**WHAT TO DO**
Below are records; print only the lines from the line containing "New Balance Made" to the end, both included, reproduced exactly and without the pictures.
═════ PROVIDED MATERIAL
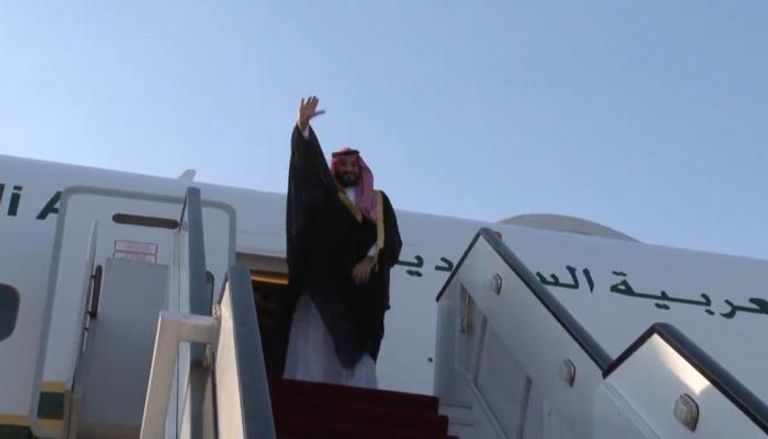  ولي العهد السعودي يغادر القاهرة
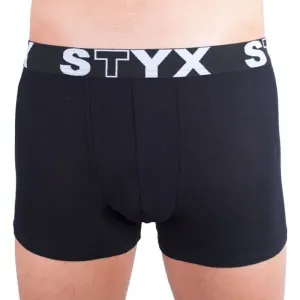 Styx MEN'S BOXERS SPORTS RUBBER Boxershorts, schwarz, größe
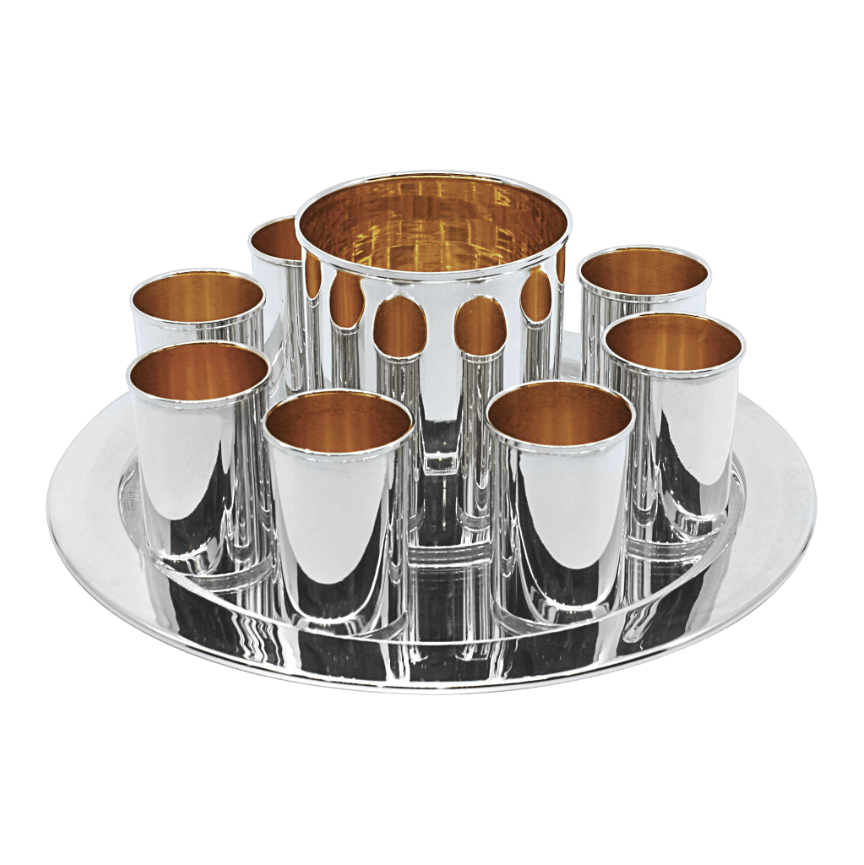 Schotland Kiddush Wine Fountain 8 - Piece By Zion Hadad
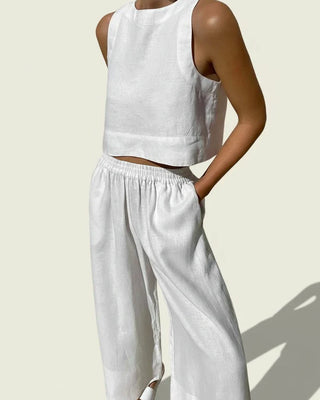 Women's Cropped Two-Piece Set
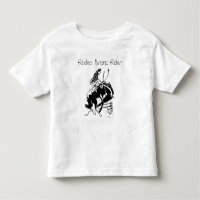 Western Retro Rodeo Bronc Rider T-Shirt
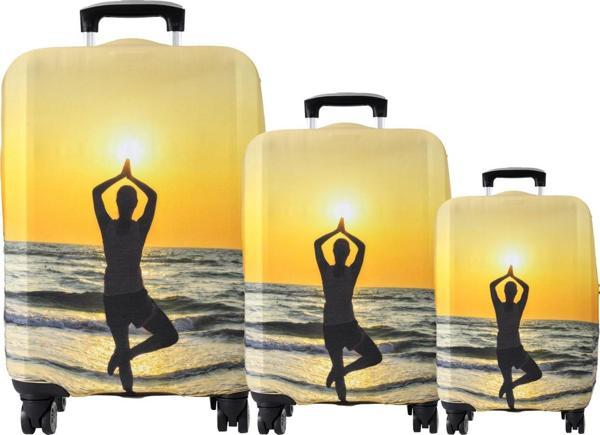 My Saraciye 112 Yoga Valiz /  Bavul, Büyük, Orta, Kabin Boy Kılıf Seti - 112 Yoga - Image 1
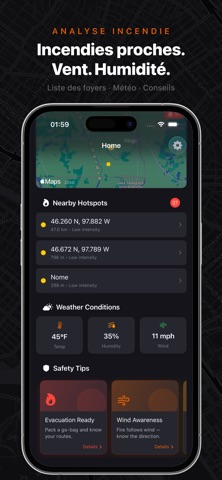 Monitor Incendies - Pyriskopos iPhone screenshot 5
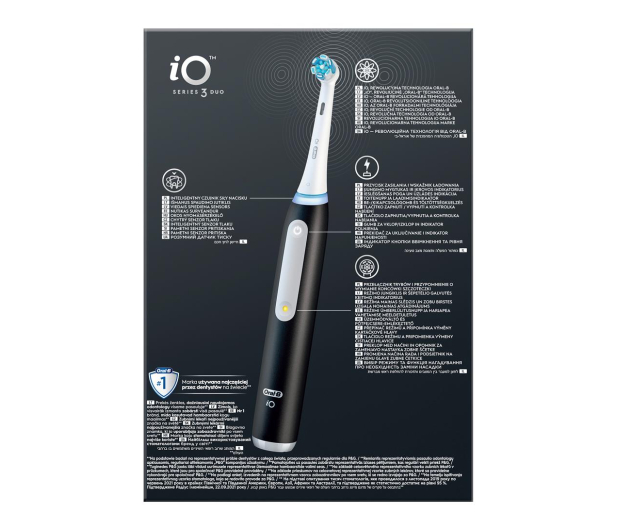 Oral-B Szczoteczka magnetyczna ORAL-B iO Series 3 Duo Black/Ice Blu - 1163006 - zdjęcie 4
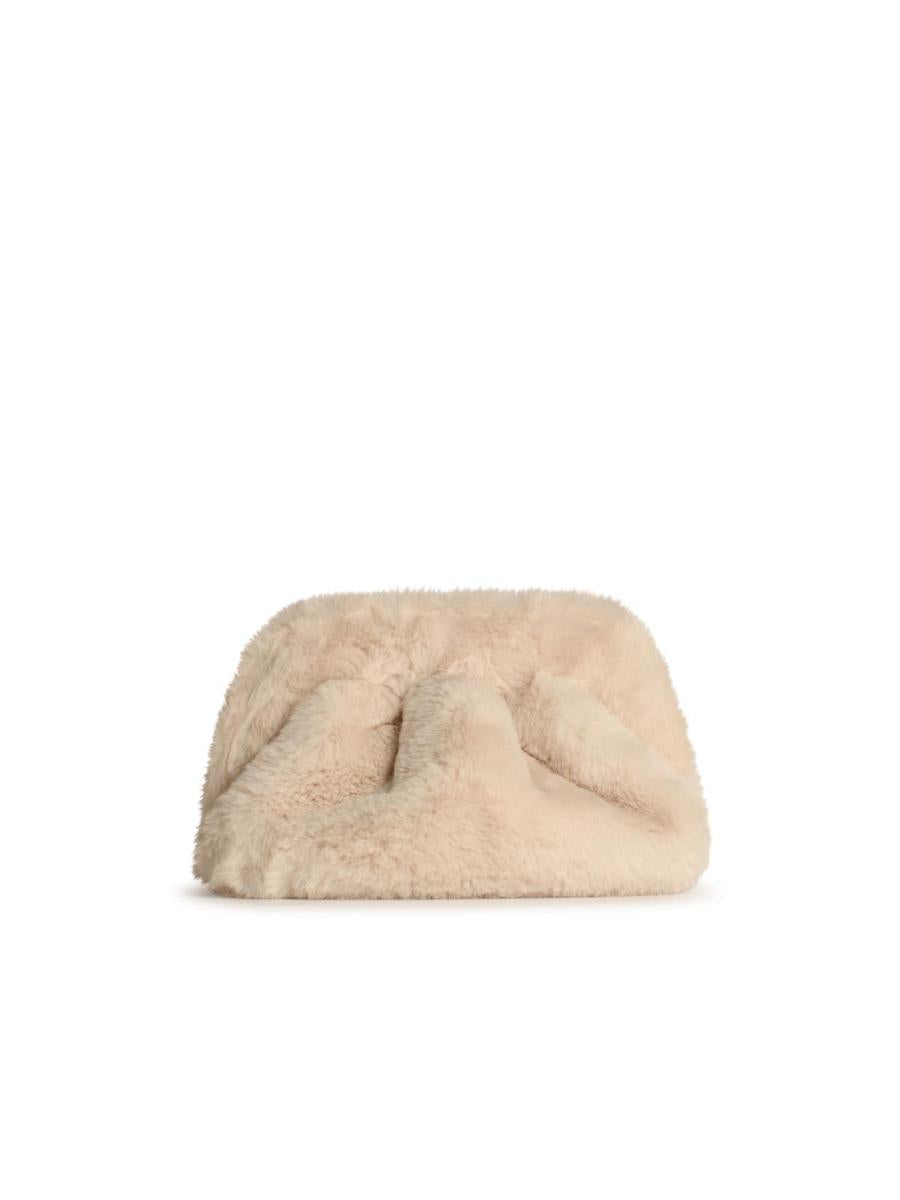 Themoirè 'Tia Teddy' Ivory Sorona Bag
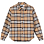 Stussy Quilted Lined Plaid Shirt COPPER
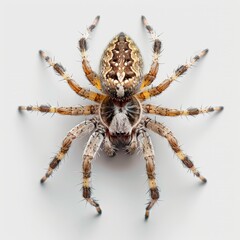 spider on white background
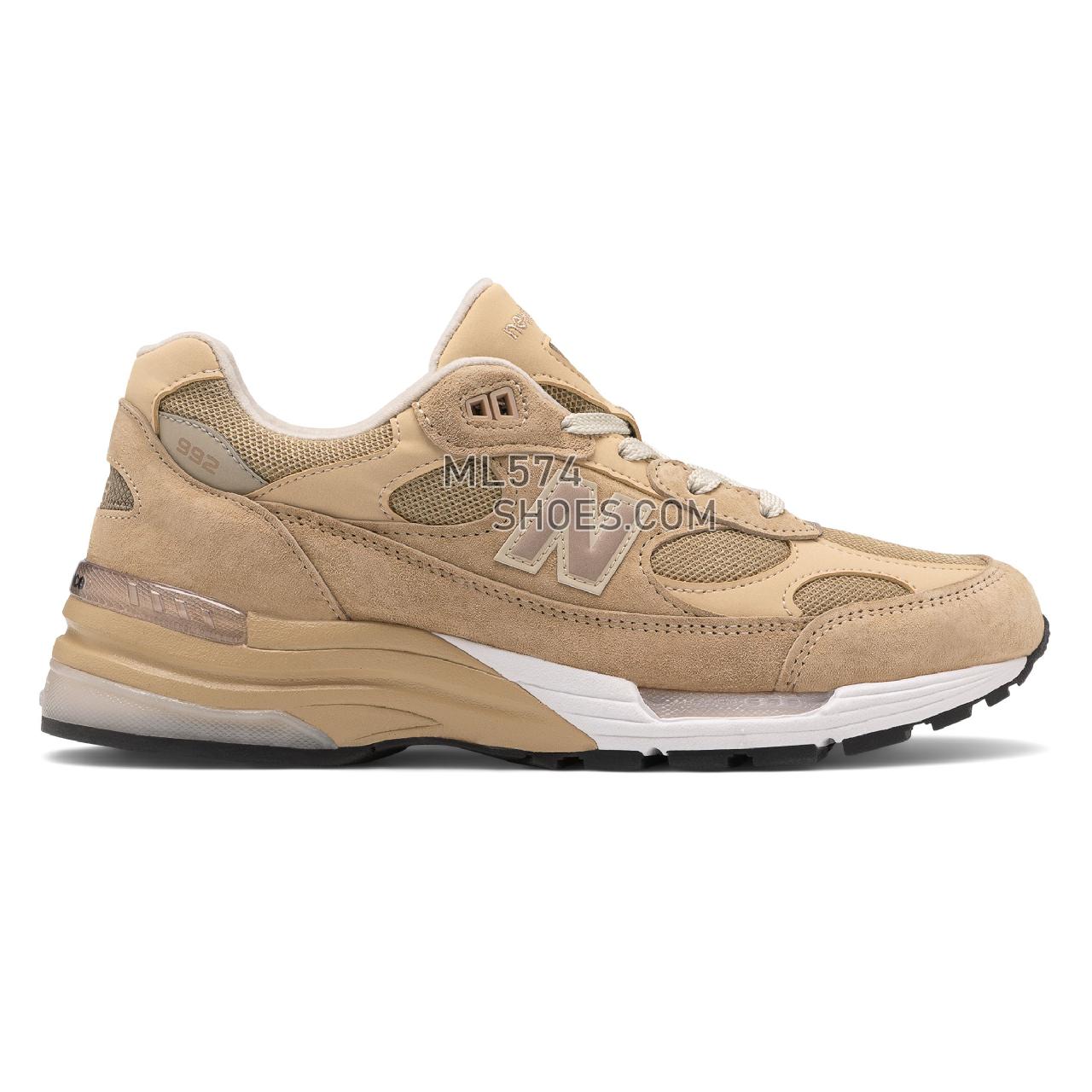 New Balance Made in US 992 - Men's Made in US 992 Classic - Tan with White - M992TN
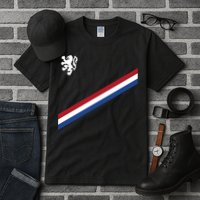 Netherlands Team Flag Jersey Soccer Tall T-Shirt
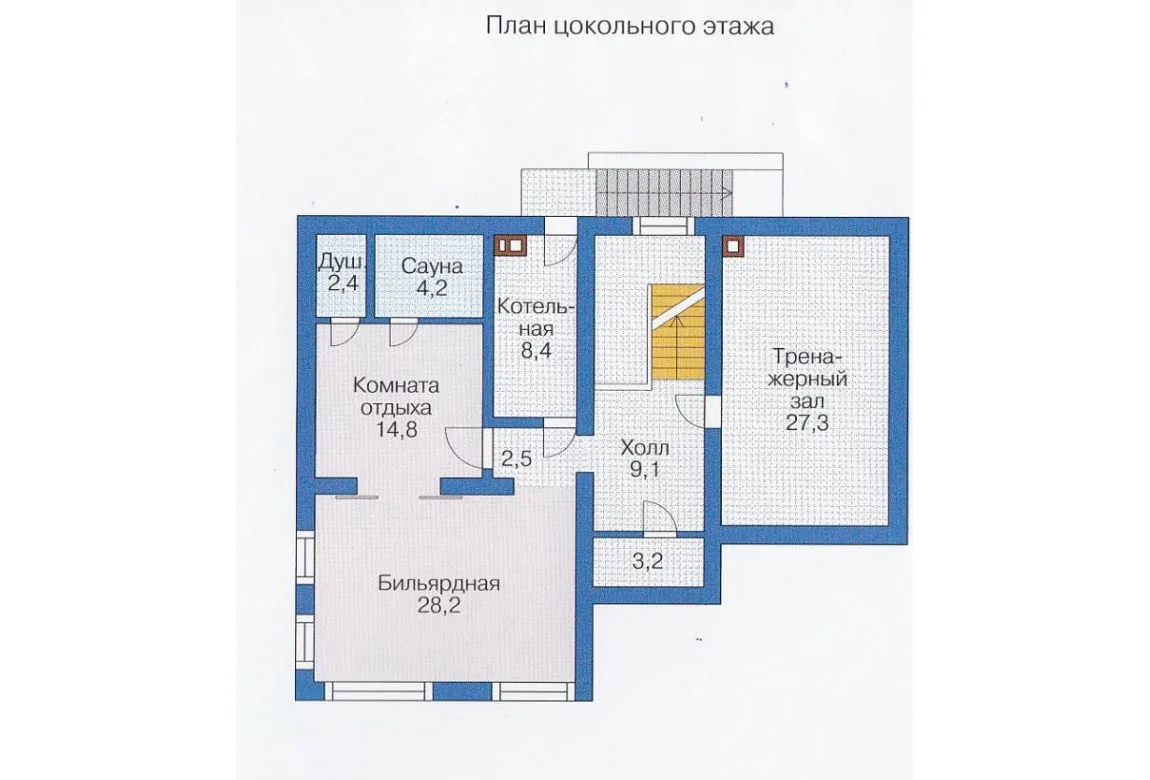 План N3 проекта каркасного дома «1415»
══════════
**ANSWER BOX**
 New Balance Made in US 992 - Men's Made in US 992 Classic - Tan with White - M992TN
 Netherlands Team Flag Jersey Soccer Tall T-Shirt
 План N3 проекта каркасного дома «1415»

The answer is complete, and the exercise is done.